There were stories, recently, in the usual places, about how Trump was being seriously considered for a major speech at the Republican Convention. I did not dwell on the story much, because I assumed that these rumors were a product of Donald Trump’s prodigious vanity and powerful imagination. Ha ha ha, sure, the Republicans will definitely want the stupid make-believe TV mogul who pretends to fire people for a living, at their big party.
Now that “Celebrity Apprentice” is done, Trump is back to pretending to be a major political player. He just announced his intention to start his own super PAC, because he is a weird attention-hungry idiot with a bit of money to burn (though not as much money to burn as he would like you to think he has to burn).

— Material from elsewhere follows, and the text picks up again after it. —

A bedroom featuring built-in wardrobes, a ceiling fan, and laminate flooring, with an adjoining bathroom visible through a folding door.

He is just, essentially, begging the party to let him be on TV at their convention. But Maggie Haberman wrote today that while Trump is just definitely not going to be anyone’s running mate, the Republicans might actually have him speak at their convention. Because Romney is actually getting a lot of use out of Trump:
He’s been a surrogate for Romney, recorded robocalls for him and pushed him on the Fox News airwaves and over Twitter. He’s also raised money for him, and both Ann and Mitt Romney have thanked him in public for his help. There is no question that he has an appeal to some voters and that Romney has been better off having Trump with him than against him.

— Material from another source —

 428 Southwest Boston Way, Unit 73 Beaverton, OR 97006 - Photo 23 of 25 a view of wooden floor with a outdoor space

“Some voters.” Awful voters. The worst voters. But yes, it is basically true: Romney embraces Trump because there’s very little downside. He gets support from horrible people, and he is not really taken to task by non-horrible people (or, for the most part, journalists) for associating with him. This is how Trump will end up at the convention, despite being the most prominent birther in the nation.
In fact, the Romney campaign is auctioning off dinner with Donald Trump, in case you have a couple thousand dollars and some sort of horrible grudge against someone. That does not suggest that anyone at the Romney campaign is particularly wary of the guy.
Here’s another line from Trump’s Newsmax interview, just so we understand that this Donald Trump is not any less invested in conspiratorial race-tinged dog-whistle Jerome Corsi nonsense than he was last year:
He adds: “If you’re going to look at that, on something that I don’t believe ever happened, you have to look into Barack Obama saying that he was heavy into drugs, heavy into alcohol, was a total disaster, was a horrible student. Then you have to say if he was a horrible student, how did he get into Columbia? How did he get into Harvard?
Suspicious! How did Obama get into Harvard? (Maybe his father was secretly … Charles Kushner!)